According to the monks in India, about 300 monks were taken away by Chinese authorities in April. Classes and prayers have stopped and remaining monks were forced to take “patriotic re-education” classes.

Some 400 government officials are camped out at the monastery in China, said the International Campaign for Tibet, a US-based advocacy group. Cameras and recording devices are positioned throughout. Phone calls and e-mail from Kirti Monastery in China are monitored by Chinese authorities who can detain or arrest people they deem a threat to China's control over Tibet.

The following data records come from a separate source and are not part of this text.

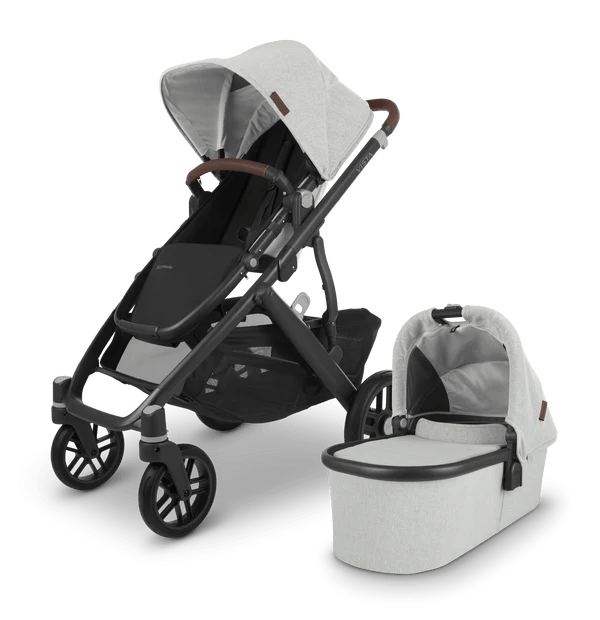 Uppababy - Vista V2 Stroller - Carbon-Frame, Chestnut Leather-Uppababy, White and Grey Chenille-Uppababy image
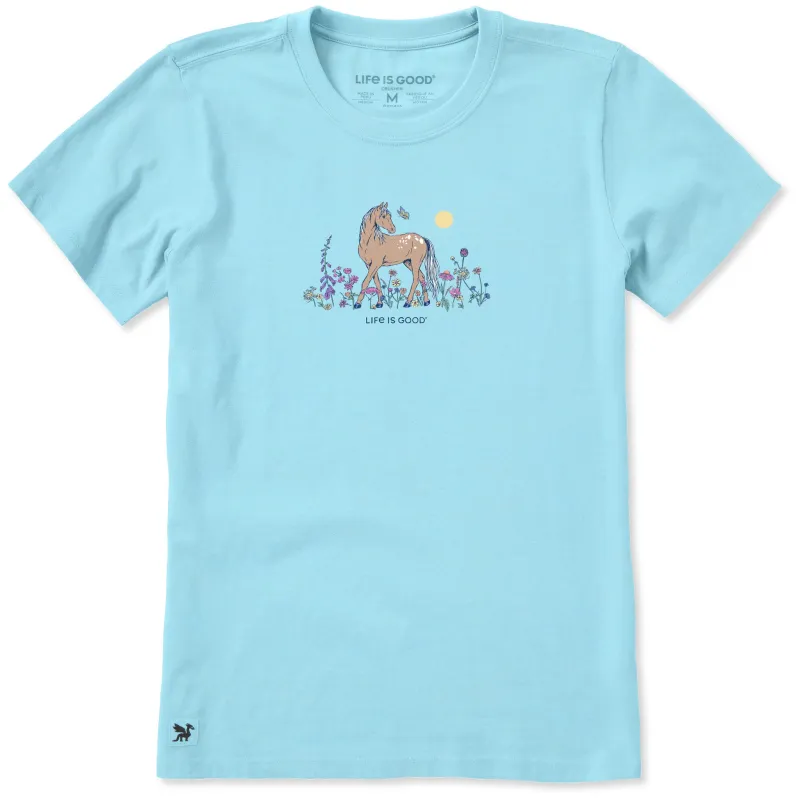 Women's Horse in Wildflowers Short Sleeve Crusher Tee made by Life is Good
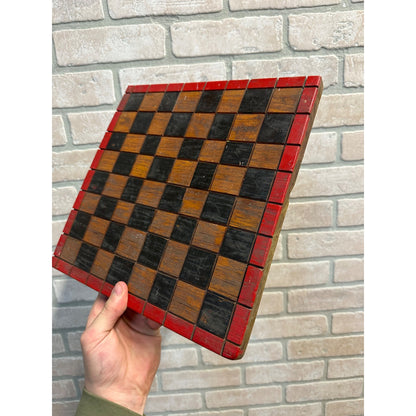 Vintage Handpainted Wooden Chess / Checkers Game Board Primitive Decor 11" x 11"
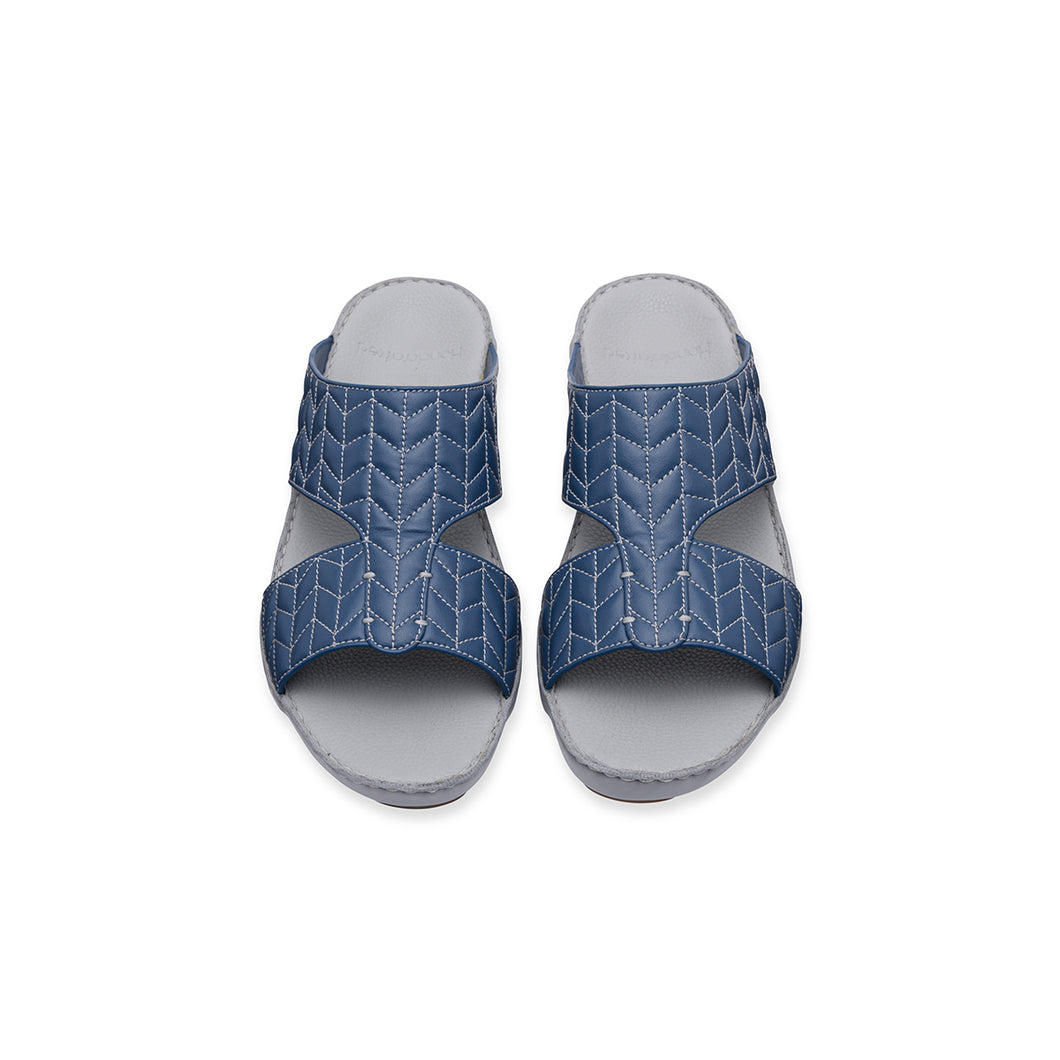 Mens Arabic Sandals Buckle in Cross Stitch in Blue & Grey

Though China has not officially acknowledged the lockdown, Chinese police claim the self-immolation of the young monk who precipitated it “was a carefully planned and implemented criminal case, aimed at triggering disturbances,” according to Xinhua, China’s state news agency.

To quash other potential disturbances, Chinese police arrested hundreds of monks although there were no displays of violence after the self-immolation.

Local residents surrounded the monastery in Amdo Ngaba in an attempt to protect monks from being detained but were allegedly beaten by Chinese forces and attacked by police dogs. Two elderly Tibetans reportedly died in the clash.

Enter the monastery in India

Information about arrests, beatings, protests, surveillance, and police activity were conveyed along a circuitous network from Tibetan locals in China to Tibetans living in neighboring India, home to nearly 100,000 exiles.

News was passed along among Tibetans via clandestine phone calls, e-mails, and digital photos until it reached the Dharamsala branch of Kirti Monastery.

After the first piece of information made its way to them, Losang Yeshe and Kanyag Tsering, two monks at Kirti Monastery in India, became the de facto crisis communications team. They are in charge of the grim task of organizing detailed lists of arrested monks, trying to confirm names of Tibetan civilians beaten or detained while protecting monks, and liaising with human rights organizations and the media via regular e-mail updates and interviews.

Mr. Yeshe and Mr. Tsering both say they would prefer to do their prayers, attend classes, and study religious teachings. But with Kirti Monastery in crisis, the Tibetans fear for the well-being of monks and locals there. “We have no choice but to disseminate this knowledge,” says Tsering through an English interpreter.

In Tibet, monasteries are esteemed institutions of Buddhist knowledge and culture. The one under crackdown in Amdo Ngaba was established in 1870 and is one of the largest monasteries on the Tibetan plateau. Now, its future appears threatened by the lockdown.

Major monasteries in Tibet once housed thousands of monks. But because of restrictions over the decades, numbers at some monasteries have dwindled to hundreds, whereas sister monasteries flourishing in India house thousands of monks today. Tibetans “fear that Chinese authorities are now seeking to weaken Kirti significantly through this systematic campaign,” according to a statement from the International Campaign for Tibet.

Confirming the information the monks give them takes weeks, but Human Rights Watch says their reports are accurate.

A spokesman for the Chinese Foreign Ministry denied illegal detainment of monks and said that the monks at the monastery “enjoy a normal life and normal Buddhist activities.” However, foreign journalists and tourists are barred from traveling to the monastery in Amdo Ngaba and nearby areas.

Human Rights Watch raised concerns about the crackdown, noting that it is part of a series of arrests and disappearances in recent months of dozens of China’s human rights advocates, lawyers, Internet activists, and those who assert Tibetan national identity openly.

And in June the UN Working Group on Enforced or Involuntary Disappearances expressed “serious concern” about the wave of alleged enforced disappearances in China in the past few months, including of monks in the Tibet region.

“Enforced disappearance is a crime under international law. Even short-term secret detentions can qualify as enforced disappearances,” the UN group said.